His work On Executive Power in
Great States (1792) is arguably one of the most important texts ever
written on the issue of executive power in modern society. It includes
memorable formulations regarding liberty and public spirit among the English
and the Americans, the relation between economic prosperity and political freedom,
and the seminal influence of religion and morals on liberty. Necker provides a
defense of representative government and offers an examination of the French
political system, which he compares on several occasions with England and
America. Before Tocqueville, Necker understood the importance of America for
the Old World as the first successful example of popular self-government and
free institutions.
In his book, Necker called upon
French legislators to study the principles of the U.S. Constitution. His bold
innovation was to replace the theory of the functional separation of powers
with the “intertwining of powers” that were dependent upon the existence of
effective links between the executive and the legislative.
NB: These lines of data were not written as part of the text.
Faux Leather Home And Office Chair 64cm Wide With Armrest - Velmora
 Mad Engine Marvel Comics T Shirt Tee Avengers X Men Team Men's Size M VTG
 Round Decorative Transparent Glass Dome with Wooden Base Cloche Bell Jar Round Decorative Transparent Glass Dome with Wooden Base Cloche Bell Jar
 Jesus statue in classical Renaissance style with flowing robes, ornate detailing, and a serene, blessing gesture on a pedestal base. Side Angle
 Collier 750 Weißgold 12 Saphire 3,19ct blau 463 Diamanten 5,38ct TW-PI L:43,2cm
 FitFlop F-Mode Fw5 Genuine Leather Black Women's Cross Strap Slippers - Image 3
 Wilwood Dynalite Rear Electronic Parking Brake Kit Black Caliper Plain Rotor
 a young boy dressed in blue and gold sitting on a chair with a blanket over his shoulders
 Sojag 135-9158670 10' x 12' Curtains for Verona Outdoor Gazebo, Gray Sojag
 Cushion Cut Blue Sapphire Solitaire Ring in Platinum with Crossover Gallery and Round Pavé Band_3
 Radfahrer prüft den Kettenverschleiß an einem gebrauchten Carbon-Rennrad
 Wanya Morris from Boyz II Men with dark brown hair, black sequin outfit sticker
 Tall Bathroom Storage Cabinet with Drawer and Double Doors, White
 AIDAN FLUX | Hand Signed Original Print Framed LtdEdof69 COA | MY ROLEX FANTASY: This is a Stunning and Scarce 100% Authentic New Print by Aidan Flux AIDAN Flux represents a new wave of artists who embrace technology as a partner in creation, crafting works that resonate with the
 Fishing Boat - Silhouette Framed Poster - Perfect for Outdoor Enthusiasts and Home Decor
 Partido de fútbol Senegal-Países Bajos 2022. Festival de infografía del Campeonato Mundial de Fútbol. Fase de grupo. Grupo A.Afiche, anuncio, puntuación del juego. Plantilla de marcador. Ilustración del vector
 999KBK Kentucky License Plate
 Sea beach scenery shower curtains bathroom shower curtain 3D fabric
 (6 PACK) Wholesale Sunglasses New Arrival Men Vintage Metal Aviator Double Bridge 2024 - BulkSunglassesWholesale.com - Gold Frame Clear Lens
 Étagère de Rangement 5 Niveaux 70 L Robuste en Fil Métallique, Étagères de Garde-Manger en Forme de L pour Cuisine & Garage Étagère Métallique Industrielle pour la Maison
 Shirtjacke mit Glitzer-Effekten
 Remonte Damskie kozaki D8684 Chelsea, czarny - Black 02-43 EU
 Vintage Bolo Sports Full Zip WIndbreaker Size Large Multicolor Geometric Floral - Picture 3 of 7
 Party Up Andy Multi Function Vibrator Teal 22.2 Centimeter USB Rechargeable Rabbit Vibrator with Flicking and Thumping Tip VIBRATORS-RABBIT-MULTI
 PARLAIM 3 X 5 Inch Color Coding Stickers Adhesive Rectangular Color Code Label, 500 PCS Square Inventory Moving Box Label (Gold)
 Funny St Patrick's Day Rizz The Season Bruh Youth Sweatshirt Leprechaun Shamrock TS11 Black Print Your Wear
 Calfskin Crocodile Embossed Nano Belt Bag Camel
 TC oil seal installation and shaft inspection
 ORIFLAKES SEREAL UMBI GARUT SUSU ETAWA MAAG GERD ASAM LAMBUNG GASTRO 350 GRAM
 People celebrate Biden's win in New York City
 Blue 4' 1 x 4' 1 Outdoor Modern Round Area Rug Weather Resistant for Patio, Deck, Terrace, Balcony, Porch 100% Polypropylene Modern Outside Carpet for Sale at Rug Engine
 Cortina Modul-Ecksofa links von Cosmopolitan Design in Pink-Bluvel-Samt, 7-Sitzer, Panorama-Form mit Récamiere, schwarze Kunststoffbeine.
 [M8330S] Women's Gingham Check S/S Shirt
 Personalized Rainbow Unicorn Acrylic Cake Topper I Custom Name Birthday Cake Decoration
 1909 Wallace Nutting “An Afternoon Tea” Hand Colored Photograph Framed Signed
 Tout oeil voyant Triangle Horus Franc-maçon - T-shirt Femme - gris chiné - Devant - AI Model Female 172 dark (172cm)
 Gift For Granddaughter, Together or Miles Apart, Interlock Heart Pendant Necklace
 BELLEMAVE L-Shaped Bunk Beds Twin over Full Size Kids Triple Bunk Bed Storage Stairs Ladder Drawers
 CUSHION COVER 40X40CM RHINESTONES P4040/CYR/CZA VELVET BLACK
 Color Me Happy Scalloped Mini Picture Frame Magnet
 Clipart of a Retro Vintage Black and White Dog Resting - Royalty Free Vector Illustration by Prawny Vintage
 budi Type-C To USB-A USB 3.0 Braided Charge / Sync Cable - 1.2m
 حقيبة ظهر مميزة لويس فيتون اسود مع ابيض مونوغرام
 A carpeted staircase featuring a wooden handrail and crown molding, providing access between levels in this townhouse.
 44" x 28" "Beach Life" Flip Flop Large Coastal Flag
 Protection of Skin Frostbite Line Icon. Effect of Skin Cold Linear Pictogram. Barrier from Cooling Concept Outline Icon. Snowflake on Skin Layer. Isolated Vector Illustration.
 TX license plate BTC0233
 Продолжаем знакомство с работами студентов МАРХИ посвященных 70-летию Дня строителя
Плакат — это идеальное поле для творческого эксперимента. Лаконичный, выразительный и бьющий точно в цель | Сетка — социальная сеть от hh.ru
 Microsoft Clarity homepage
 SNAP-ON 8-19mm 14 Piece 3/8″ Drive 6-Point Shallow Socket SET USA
In the absence of
such links, Necker maintained, “all would be contest and confusion.” Necker’s
fundamental premise was that it would be impossible to establish effective
cooperation between different powers solely through the exercise of constant
watchfulness and mutual distrust.
Although Necker was one of the most
important politicians in France before and during the French Revolution, he has
been largely ignored as a political thinker. This is the first modern edition
of Necker’s important work, shedding fresh light on the timely topics of executive
power, constitutionalism and the rule of law, federalism, balance of power, and
the dependence of liberty on morality and religion. Professor Aurelian Craiutu
significantly revised and corrected the 1792 English translation and added
explanatory notes, an introduction, and a select bibliography.
Aurelian Craiutu is Professor of Political Science at Indiana University,
Bloomington. An expert on French political thought, he is the author of Faces
of Moderation: The Art of Balance in an Age of Extremes and the editor of
several works, including Germaine de Staël’s Considerations on the Principal
Events of the French Revolution, also published by Liberty Fund.